Reproduce the lines of the material exactly, excluding every image.

[[ Data excerpt open ]]

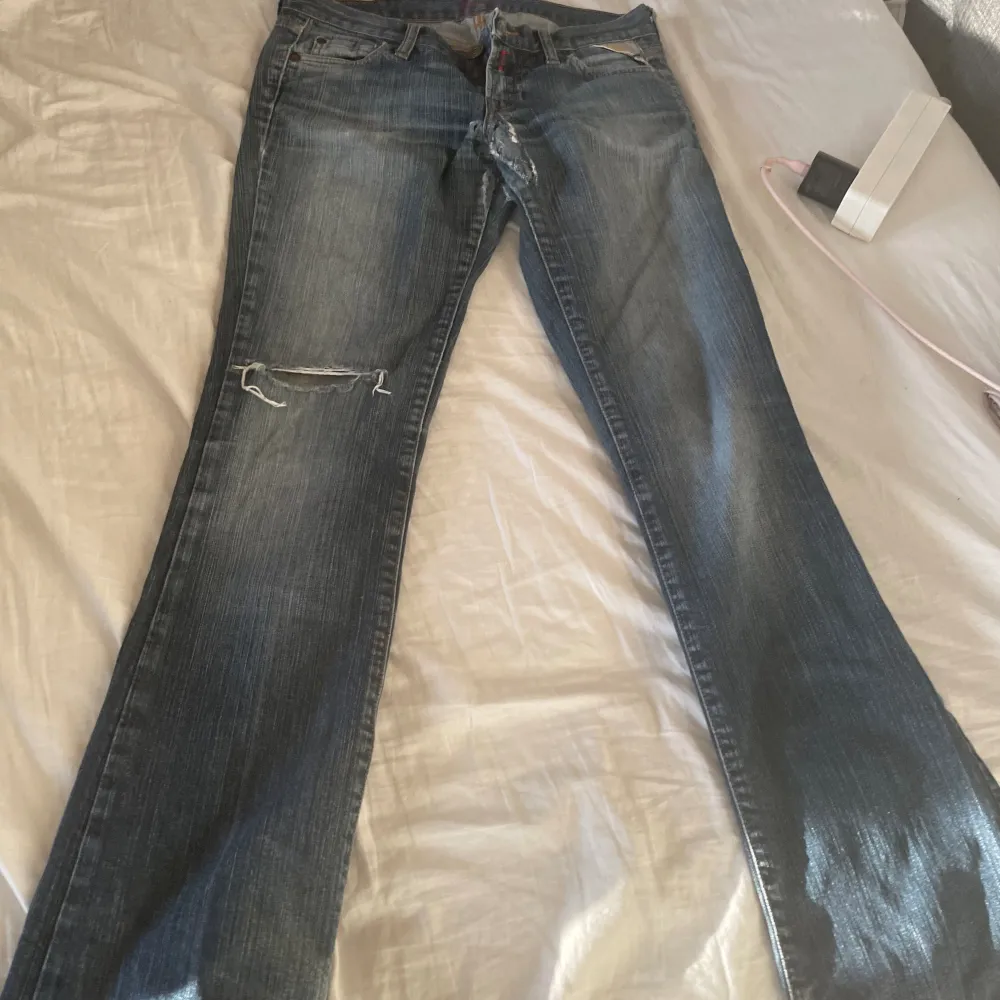 Lågmidjade Flare jeans ifrån replay dom har lite små defekter men annars bra skick Midjemått:37 rakt över och inerbenslängden är 83. Jeans & Byxor.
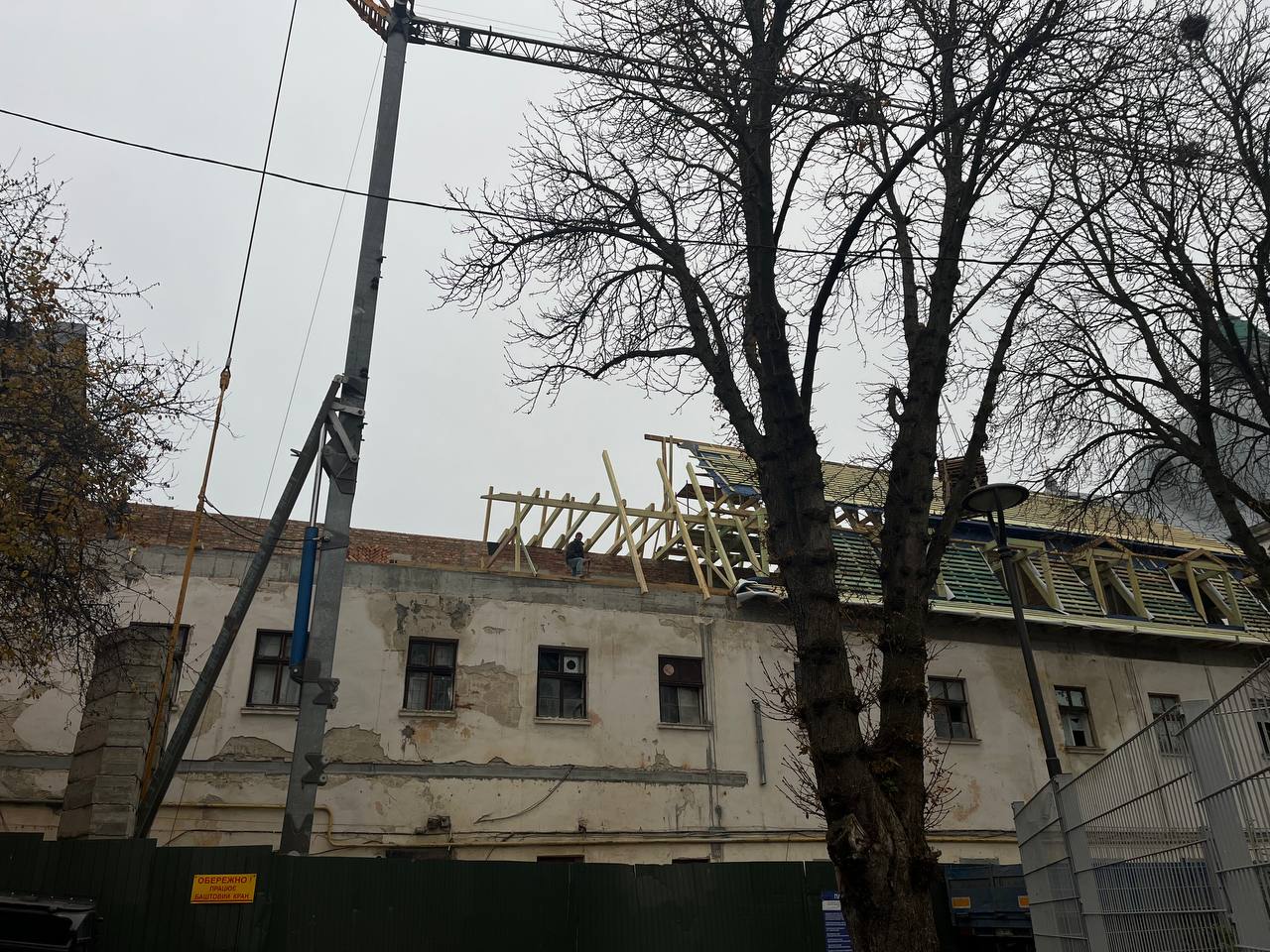 Новини Тернополя - фото з Протести стихли, а реставрація триває: на монастирі біля Катедри добудовують мансардний поверх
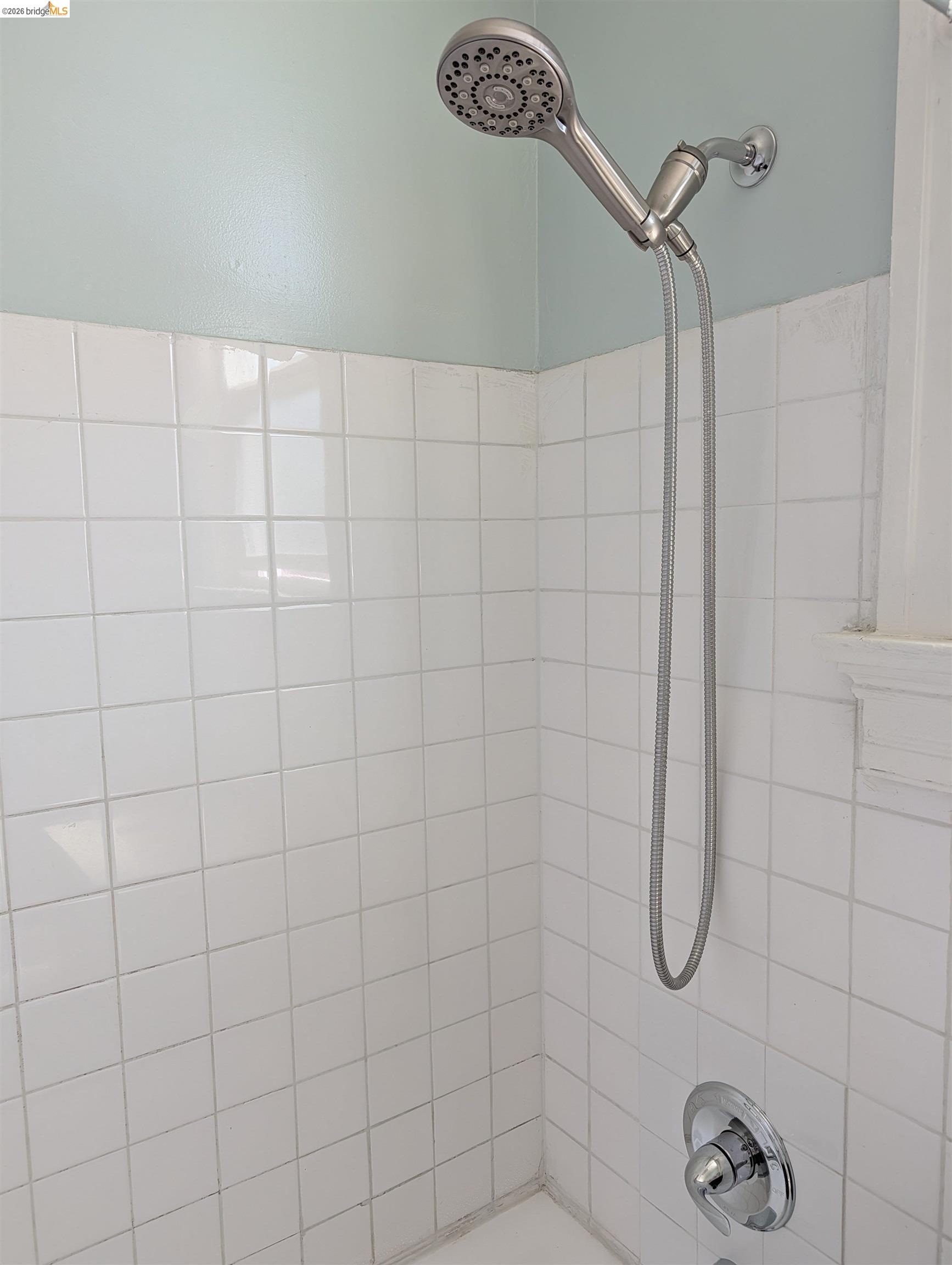 1086 66Th St, Oakland CA 94608 — photo 15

[[ Data excerpt closed ]]

- **Your solution**:
 Lågmidjade Flare jeans ifrån replay dom har lite små defekter men annars bra skick Midjemått:37 rakt över och inerbenslängden är 83. Jeans & Byxor.
 Новини Тернополя - фото з Протести стихли, а реставрація триває: на монастирі біля Катедри добудовують мансардний поверх
 1086 66Th St, Oakland CA 94608 — photo 15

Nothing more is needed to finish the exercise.